Pour le rapporteur centriste, les attentats amènent « un devoir de responsabilité dans le traitement du sujet, et une obligation de résultats, pour faire aboutir un texte efficace et utile ». Il sait bien que « la force de l’émotion des attentats commis entraîne une dramatisation de la situation qui peut entrainer un raidissement des positions ». Mais Philippe Bonnecarrère souligne que « le rôle du Sénat a changé, qu’avec l’absence de majorité à l’Assemblée, le point d’équilibre institutionnel se fait au Sénat ». C’est pourquoi « il nous appartient d’être en mesure d’aboutir sur un texte qui soit solide, cohérent et susceptible d’être voté par l’Assemblée nationale », où l’aile gauche de la majorité défend, Sacha Houlié en tête, l’article sur les métiers en tension.

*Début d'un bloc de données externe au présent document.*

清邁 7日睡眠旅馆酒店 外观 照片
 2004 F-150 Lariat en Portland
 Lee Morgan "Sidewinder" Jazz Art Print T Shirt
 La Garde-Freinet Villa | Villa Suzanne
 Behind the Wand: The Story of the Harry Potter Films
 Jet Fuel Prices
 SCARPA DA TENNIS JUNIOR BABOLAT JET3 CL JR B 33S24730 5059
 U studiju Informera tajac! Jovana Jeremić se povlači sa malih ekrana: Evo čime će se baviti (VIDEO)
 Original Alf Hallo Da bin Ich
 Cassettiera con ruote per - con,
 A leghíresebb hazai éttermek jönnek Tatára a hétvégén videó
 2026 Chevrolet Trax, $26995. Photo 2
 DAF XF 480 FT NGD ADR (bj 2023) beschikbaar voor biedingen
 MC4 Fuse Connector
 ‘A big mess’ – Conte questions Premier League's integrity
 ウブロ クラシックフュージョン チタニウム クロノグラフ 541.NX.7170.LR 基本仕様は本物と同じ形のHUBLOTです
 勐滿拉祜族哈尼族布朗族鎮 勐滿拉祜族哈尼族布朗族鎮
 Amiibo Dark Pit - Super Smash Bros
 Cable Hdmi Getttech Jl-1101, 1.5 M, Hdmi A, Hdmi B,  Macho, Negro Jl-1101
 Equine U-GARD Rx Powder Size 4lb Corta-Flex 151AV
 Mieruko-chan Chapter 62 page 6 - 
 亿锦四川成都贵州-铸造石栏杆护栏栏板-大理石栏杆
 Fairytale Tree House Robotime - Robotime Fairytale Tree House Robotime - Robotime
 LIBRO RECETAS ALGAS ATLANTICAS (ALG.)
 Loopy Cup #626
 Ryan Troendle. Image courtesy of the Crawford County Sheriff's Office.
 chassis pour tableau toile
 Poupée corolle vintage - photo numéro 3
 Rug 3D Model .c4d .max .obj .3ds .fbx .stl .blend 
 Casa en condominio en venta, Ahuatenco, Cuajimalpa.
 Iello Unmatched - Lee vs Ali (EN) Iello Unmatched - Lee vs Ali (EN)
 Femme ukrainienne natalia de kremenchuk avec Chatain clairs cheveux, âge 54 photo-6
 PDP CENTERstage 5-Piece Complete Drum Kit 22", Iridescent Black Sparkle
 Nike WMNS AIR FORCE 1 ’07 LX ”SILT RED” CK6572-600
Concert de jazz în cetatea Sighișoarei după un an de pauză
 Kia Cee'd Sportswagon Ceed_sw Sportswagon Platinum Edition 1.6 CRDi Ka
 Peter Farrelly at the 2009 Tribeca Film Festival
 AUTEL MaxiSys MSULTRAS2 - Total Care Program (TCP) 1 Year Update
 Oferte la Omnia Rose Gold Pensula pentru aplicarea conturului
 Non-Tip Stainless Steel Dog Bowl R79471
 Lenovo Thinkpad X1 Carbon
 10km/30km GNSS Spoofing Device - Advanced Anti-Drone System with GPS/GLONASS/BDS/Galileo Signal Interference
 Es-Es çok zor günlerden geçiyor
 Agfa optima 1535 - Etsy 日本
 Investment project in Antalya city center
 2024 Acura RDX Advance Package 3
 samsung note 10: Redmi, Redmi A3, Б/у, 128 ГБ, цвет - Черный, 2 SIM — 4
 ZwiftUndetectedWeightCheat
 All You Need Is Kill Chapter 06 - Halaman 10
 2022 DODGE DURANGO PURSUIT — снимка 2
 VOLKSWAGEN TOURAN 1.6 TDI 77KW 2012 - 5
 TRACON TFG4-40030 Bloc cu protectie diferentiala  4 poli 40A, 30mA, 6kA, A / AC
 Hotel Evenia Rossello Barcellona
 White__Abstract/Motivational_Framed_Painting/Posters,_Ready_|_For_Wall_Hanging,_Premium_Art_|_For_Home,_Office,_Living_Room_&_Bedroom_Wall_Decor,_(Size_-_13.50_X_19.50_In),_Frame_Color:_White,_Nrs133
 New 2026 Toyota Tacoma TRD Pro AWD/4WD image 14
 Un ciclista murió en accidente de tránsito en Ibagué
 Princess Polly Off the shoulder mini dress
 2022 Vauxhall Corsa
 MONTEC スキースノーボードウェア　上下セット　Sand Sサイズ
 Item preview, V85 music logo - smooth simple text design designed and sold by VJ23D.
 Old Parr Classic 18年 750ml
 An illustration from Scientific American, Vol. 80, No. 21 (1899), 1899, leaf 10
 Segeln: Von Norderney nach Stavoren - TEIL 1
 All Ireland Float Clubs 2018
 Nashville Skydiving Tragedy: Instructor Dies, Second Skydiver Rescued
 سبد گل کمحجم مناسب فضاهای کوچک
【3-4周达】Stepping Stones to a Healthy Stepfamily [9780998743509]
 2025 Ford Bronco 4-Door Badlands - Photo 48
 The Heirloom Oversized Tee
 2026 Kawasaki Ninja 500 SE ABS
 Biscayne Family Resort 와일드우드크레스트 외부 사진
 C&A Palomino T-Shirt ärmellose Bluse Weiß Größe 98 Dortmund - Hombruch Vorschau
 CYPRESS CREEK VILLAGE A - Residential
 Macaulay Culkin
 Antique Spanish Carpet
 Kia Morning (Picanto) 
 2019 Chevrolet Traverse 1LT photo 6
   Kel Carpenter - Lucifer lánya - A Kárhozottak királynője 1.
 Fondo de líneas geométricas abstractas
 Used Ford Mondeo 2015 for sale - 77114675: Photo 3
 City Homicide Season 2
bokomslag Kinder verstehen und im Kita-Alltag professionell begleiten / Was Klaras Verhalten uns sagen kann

Autrement dit, les centristes, qui comptent dans leurs rangs, rappelons-le, des soutiens de la majorité présidentielle, ne veulent pas se limiter aux portes du Sénat dans leur position.
« Il ne faut aucune trace, aucune résonance de l’article 3 », prévient Bruno Retailleau, qui ne veut « pas d’entourloupe »
Pas sûr que du côté LR, on soit prêt à lâcher. « Il ne faut aucune trace, aucune résonance de l’article 3 », nous confiait Bruno Retailleau en fin de semaine dernière. « Il ne peut pas y avoir un bricolage, le moindre mécanisme qui subsiste de l’article 3. Pas d’entourloupe », insiste le président du groupe LR. A bon entendeur…
Philippe Bonnecarrère souligne lui que « le groupe UC a fait d’importants efforts pour trouver un compromis ». Des centristes qui s’imaginent en point d’équilibre :
Le rapporteur UC compte sur « les 15 jours qui viennent. Ils doivent nous permettre de trouver un terrain d’entente. Sinon, comme toujours dans la vie parlementaire, ça se termine par un vote ».
Les centristes « très réservés » sur la PPL Retailleau pour étendre le champ de l’article 11 à l’immigration
Si Bruno Retailleau et son groupe se retrouvent mis en minorité sur la question des métiers en tensions, il pourra toujours tenter de se rattraper sur la Constitution… ou pas. Le président du groupe LR a en effet déposé une proposition de loi (PPL) constitutionnelle pour élargir le champ de l’article 11 aux questions liées à l’immigration. « Nous voulons un référendum, élargir l’article 11, qui permettrait d’avoir un référendum sur cette question. Car quand le peuple tranche, le Conseil constitutionnel s’incline », explique ce matin le sénateur de Vendée. Le texte sera examiné lors de la « niche parlementaire » LR du 12 décembre prochain.
On sait combien réviser la Constitution, et avoir la majorité des 3/5 au Parlement, est compliqué. Mais « s’il ne se passe rien, ça crante le sujet », explique-t-on chez les LR. Autrement dit, le texte, même s’il ne va pas au bout, peut jouer le rôle de marqueur politique pour la droite.
Mais il n’est même pas sûr que la PPL soit adoptée au Sénat. La faute – ou grâce, selon comment on se place – aux centristes, de nouveau… « Sur la proposition de loi constitutionnelle de Bruno Retailleau, nous sommes très réservés sur l’extension du référendum aux sujets de l’immigration. Et nous sommes tout à fait défavorables à l’article qui viserait à se soustraire aux règles conventionnelles et au règles européennes, lorsque les intérêts fondamentaux de la Nation le justifieraient. Pour nous, c’est une forme de Brexit. Cela revient à accepter que chaque pays, au sein de l’Europe, puisse fixer ses propres règles », met en garde Philippe Bonnecarrère, « et cette idée qu’on pourrait faire abstraction des règles pendant un certain laps de temps, vient percuter l’Etat de droit. Il est souvent critiqué mais il est précieux ». La recherche, parfois difficile, d’une majorité, n’est pas toujours l’apanage de l’Assemblée.